Task details: Transcribe exactly the lines below that begin at the line with "Obudowa baterii MGE" and stop after the line with "Steiff Disney Lilo & Stitch Soft Toy 22cm", leaving out every picture.

Task material:
━━━━━━━━

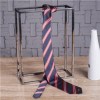 100% Silk Woven Tie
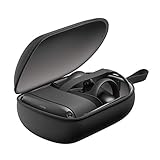 Oculus Quest Travel case [ ]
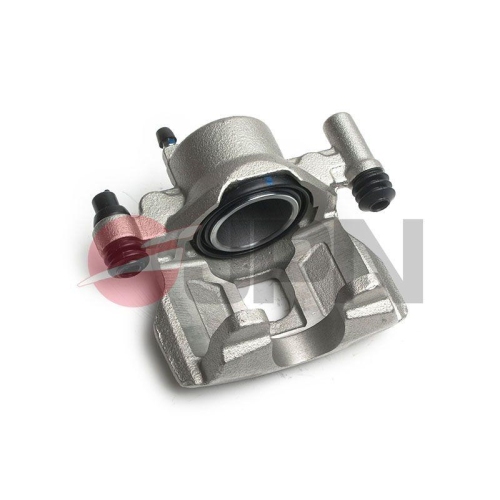 JPN Bremssattel 21H9009-JPN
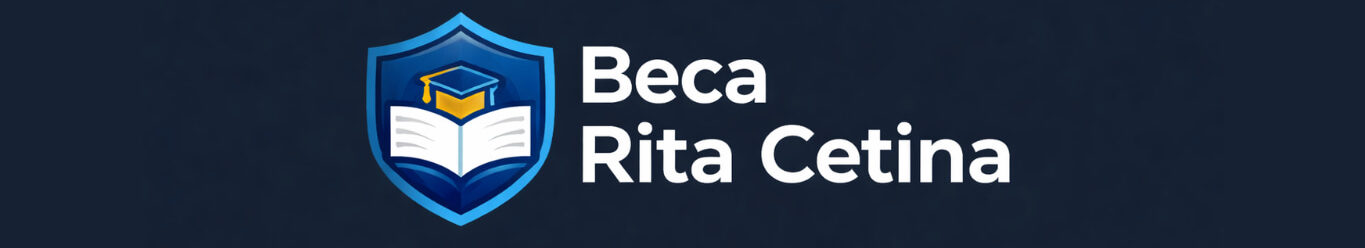 becaritacetina.com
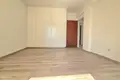 Wohnung 4 Schlafzimmer 378 m² in Limassol, Zypern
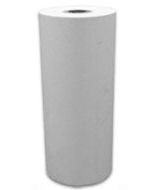Seiko SS080-078S Receipt Paper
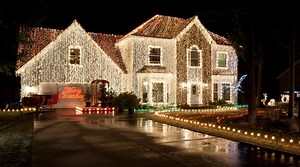 Everything on Apple TV  for Christmas | AppleInsider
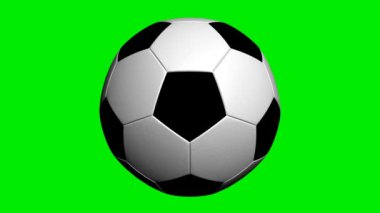 Futbol topu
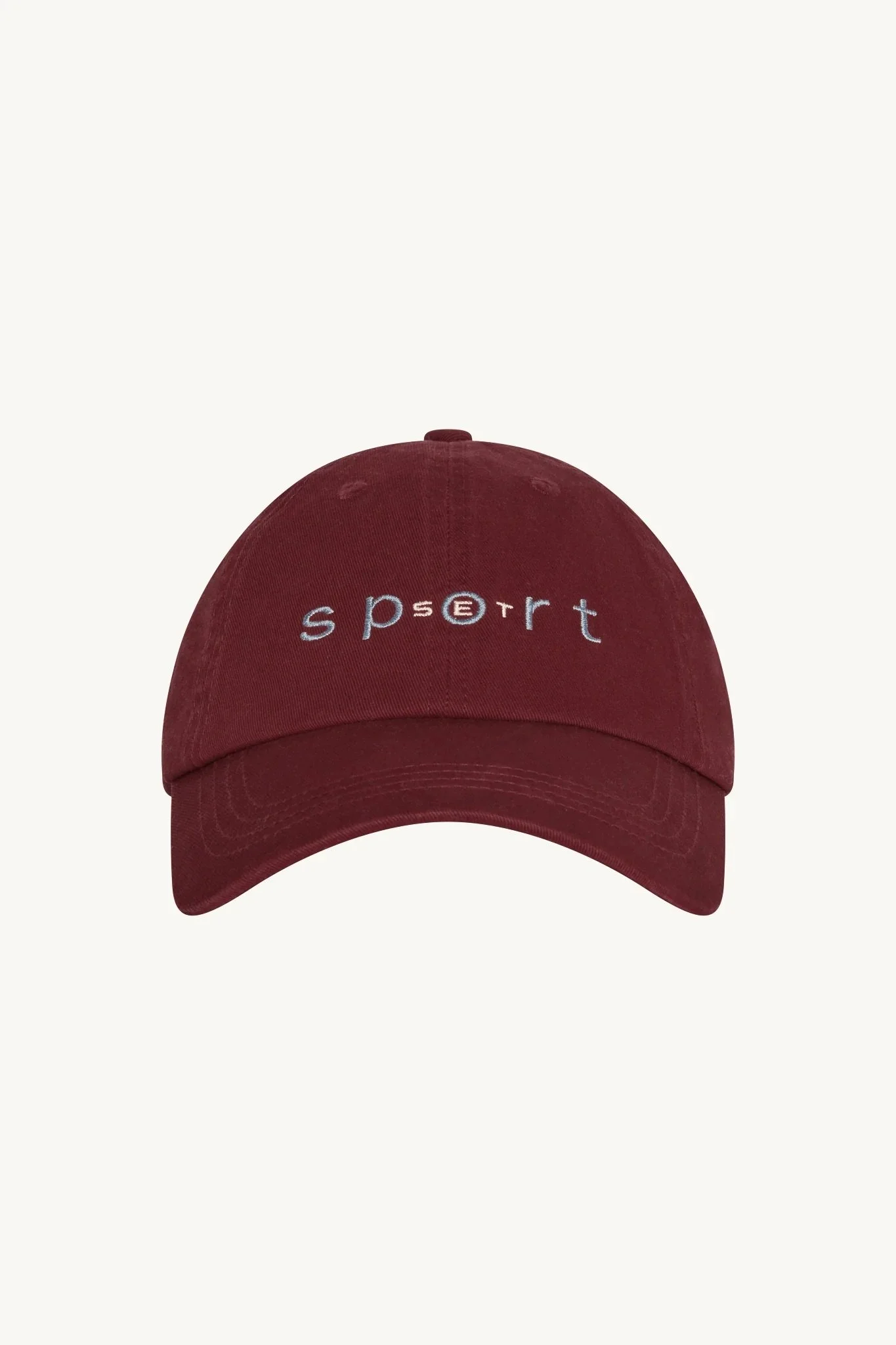 Vintage Dad Hat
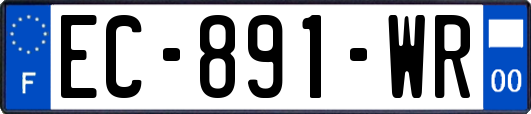EC-891-WR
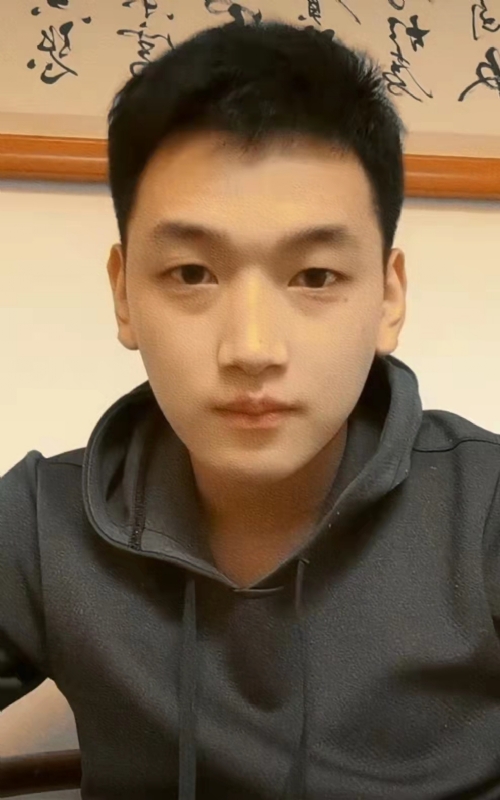 匆匆又夏天的第一张照片--济宁相亲服务中心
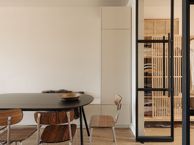 Haarlemmerweg 191 1, 1051 LC Amsterdam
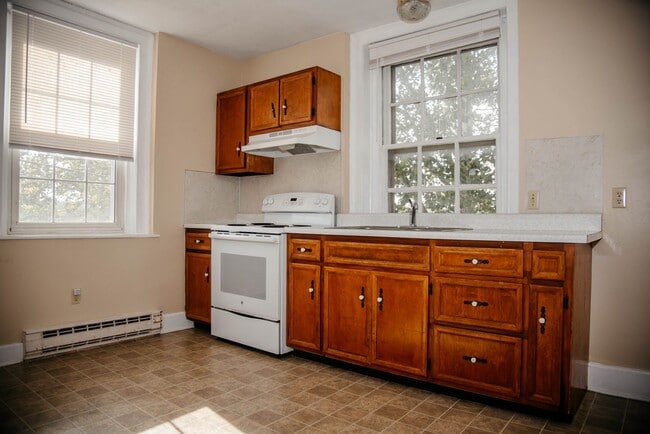 Photo - 4725 Harrisburg Ave Unit 4725 E Harrisburg Ave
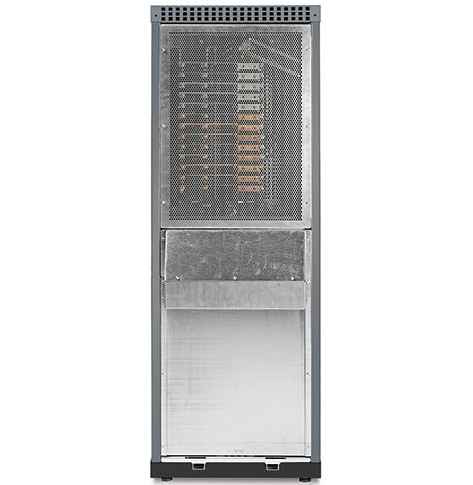 Obudowa baterii MGE Galaxy 3500 Extended Run Enclosure, with MCCB, with 6 Battery Modules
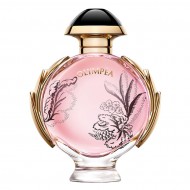 عطر باكو رابان اولمبيا بلوسوم نسائي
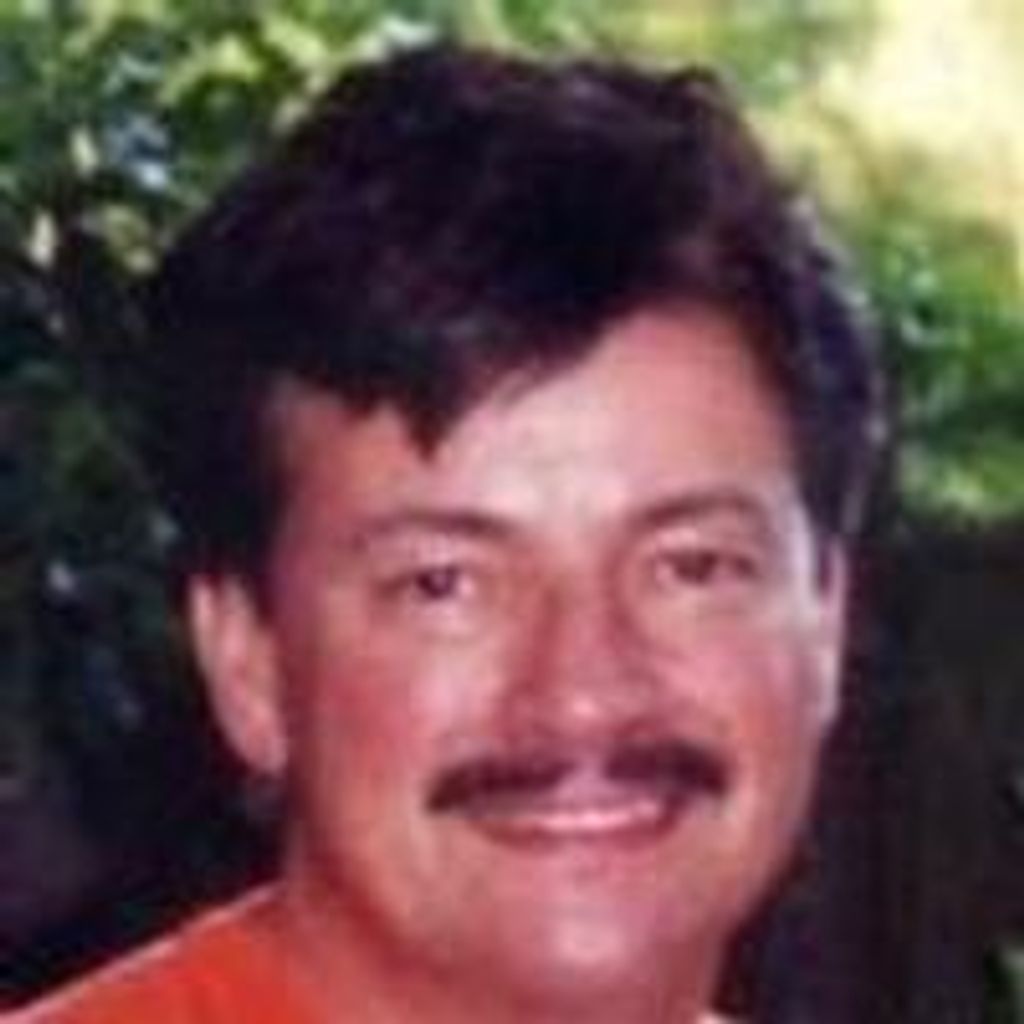 Wycliff Carlton Wynn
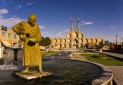 3 دلیل «تراول ویکلی» برای رونق گردشگری ایران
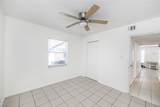 510 Sharon Circle - Photo 27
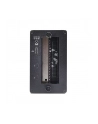 startech 2TBT3-PCIE-ENCLOSURE/THUND-ERBOLT 3 PCIE EXTERNAL - nr 22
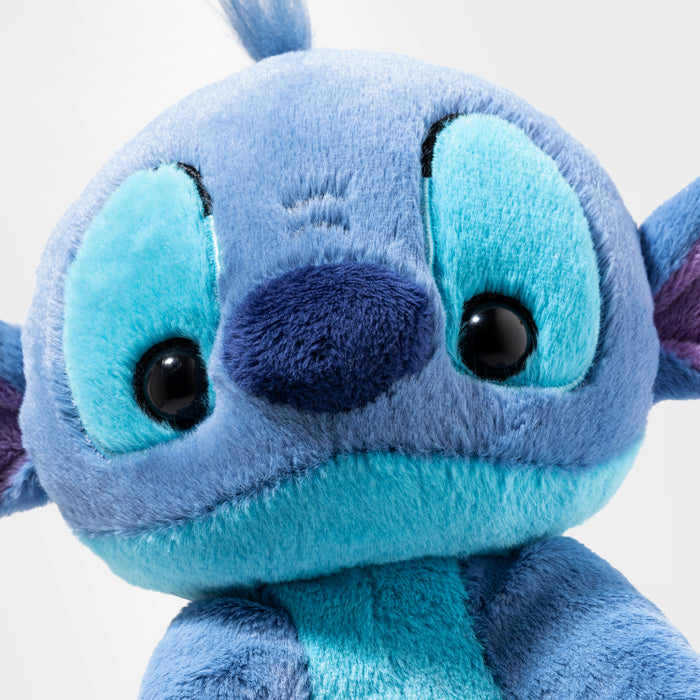 Steiff Disney Lilo & Stitch Soft Toy 22cm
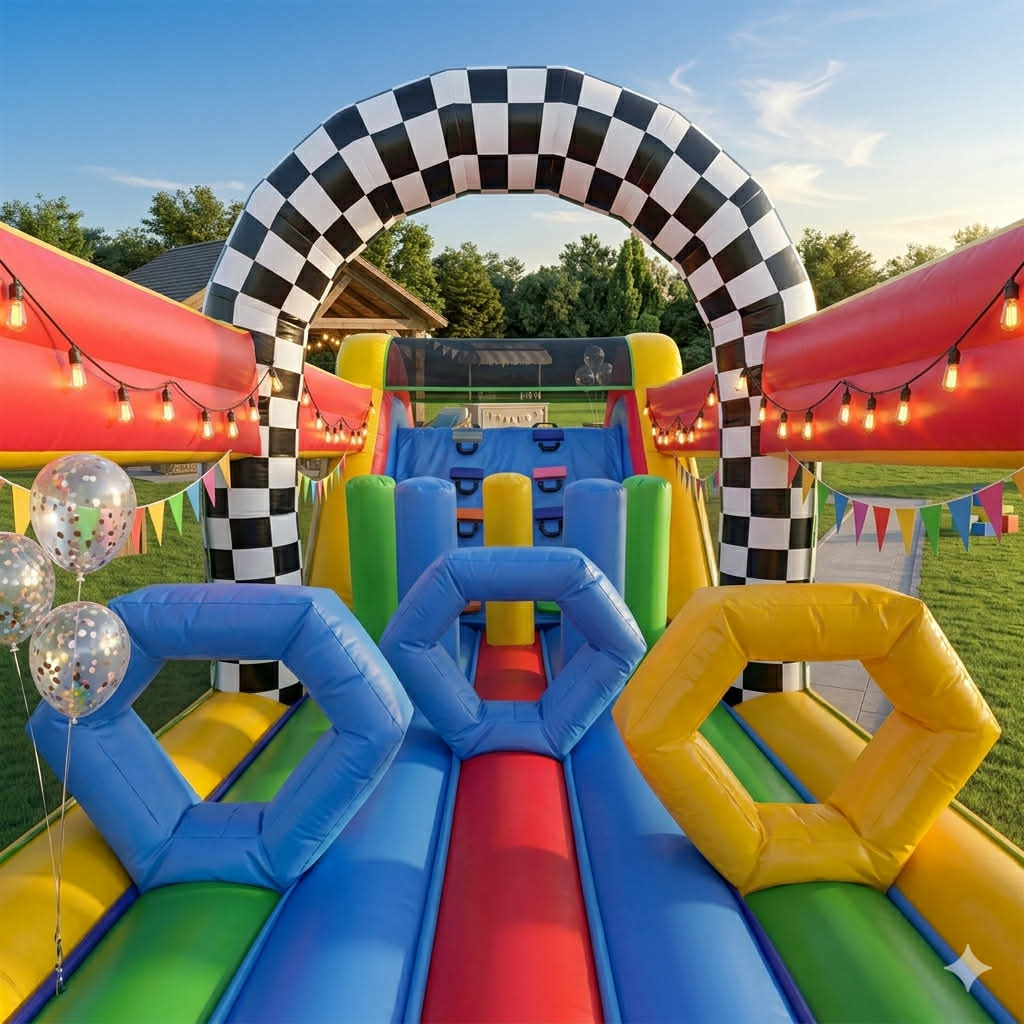 Super BOOM – Image 4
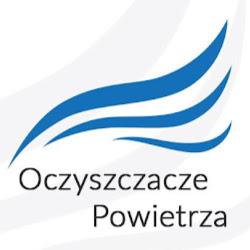 Najlepszefiltry - logo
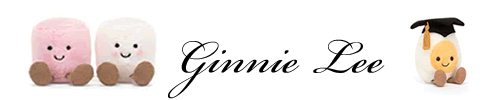 Ginnie Lee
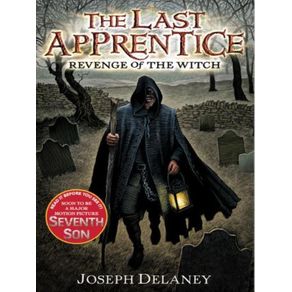 1075066.jpg 1075066.jpg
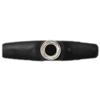 TONE Box Wrench 8mm Width T-Grip (Deep Type), BTGW-08L, Black,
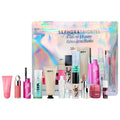 Sephora Favorites - Gleamy Dreamy Makeup Value Set (10 products)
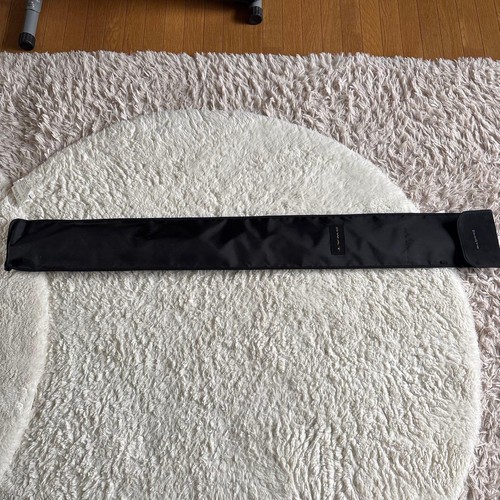 Tenryu sw1163s pieces - sw1163s-m, 3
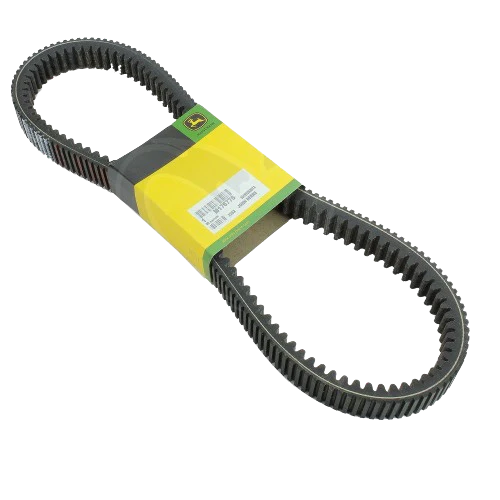John Deere M176776 Clutch Housing V-Belt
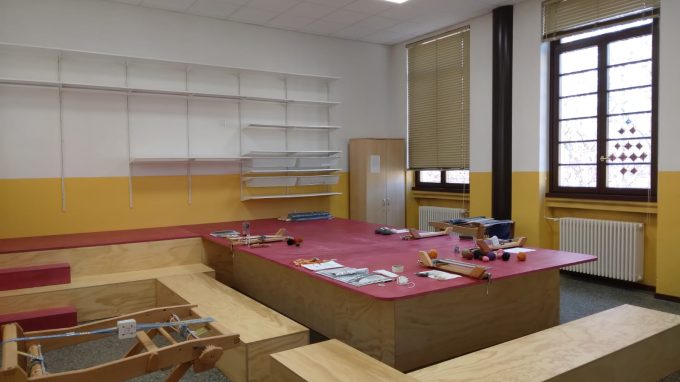 FabLab_TommasoGrossi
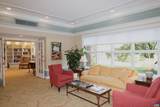 500 Crestwood Dr - Photo 32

━━━━━━━━

Solution for this problem:
 Obudowa baterii MGE Galaxy 3500 Extended Run Enclosure, with MCCB, with 6 Battery Modules
 عطر باكو رابان اولمبيا بلوسوم نسائي
 Wycliff Carlton Wynn
 3 دلیل «تراول ویکلی» برای رونق گردشگری ایران
 510 Sharon Circle - Photo 27
 startech 2TBT3-PCIE-ENCLOSURE/THUND-ERBOLT 3 PCIE EXTERNAL - nr 22
 Steiff Disney Lilo & Stitch Soft Toy 22cm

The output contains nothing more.